An Ultimate Guide to Using Email Subdomains in Your Campaign

25 April, 2025 • ... • 8529 views
Anna Sudeiskaia
by Anna Sudeiskaia

An email subdomain is a simple yet efficient way to increase the reputation and deliverability rate of your emails. In this article, you’ll learn more about email subdomains’ benefits, examples, and steps to set them up.

What is an email subdomain?

An email subdomain is an optional division inside the root domain. Each subdomain may have its own reputation rate, not impacting others or the main domain. It can also have another new IP address while staying within the same parent domain.

An email subdomain looks like a prefix that comes before the domain in an email address:

An email address with a subdomain example

Email subdomain examples from real life

You might be wondering how big corporations use email subdomains for their business success. What if we tell you that you’ve probably seen many email subdomain examples in your inbox? The following are some of the real-life email subdomains to inspire your own solutions:

Apple:

[email protected]

[email protected]

Google:

[email protected]

[email protected]

SoundCloud:

[email protected]

[email protected]

Booking.com:

[email protected]

[email protected]

Skype:

[email protected]

[email protected]

[email protected]

Many big companies use email subdomains in their email addresses. But they do it differently, as there are several methods you can organize your subdomains. For example, Google has separate subdomains for its services (Google Docs, Google Slides, etc.) while SoundCloud sorts subdomains according to their functions (notification, announcement, etc.). You can use any of these methods depending on your business needs.

Why use a subdomain email address?

Besides control of the sender reputation, subdomains help to track and manage email deliverability and prevent important emails from going to spam. It is a great way to regulate the emails you’re sending. Let’s look at the email subdomains’ benefits one by one. 

To segment engagement levels

Marketers need their emails to successfully land in subscribers’ inboxes.

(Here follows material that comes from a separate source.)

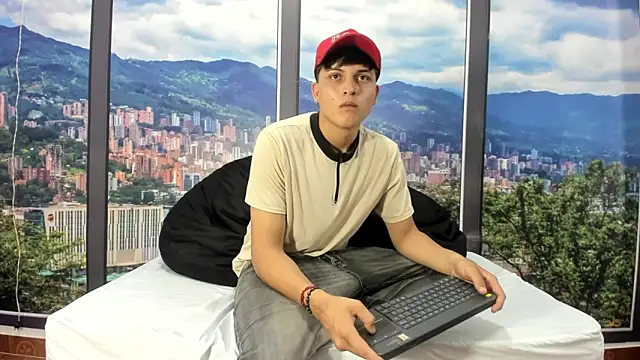 LiamRamirezz Webcamshow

But email deliverability — a key marketing metric — is complicated. It is determined by several factors, one of which is engagement. Engagement estimates how subscribers interact with campaigns. This measure combines open rate (OR), click-through rate (CTR), unsubscribe rate, and website traffic from email.

Different email types naturally get different engagement. Let’s examine two types of emails

Marketing emails include promotions, newsletters, announcements, reactivation emails, and other campaigns. They tend to have a lower open rate and engagement. 

Transactional emails, on the other hand, are brought by the user’s actions. These are password change emails, order, or subscription confirmations. Transactional emails have a high open rate and engagement as users are, in most cases, actively waiting for them. 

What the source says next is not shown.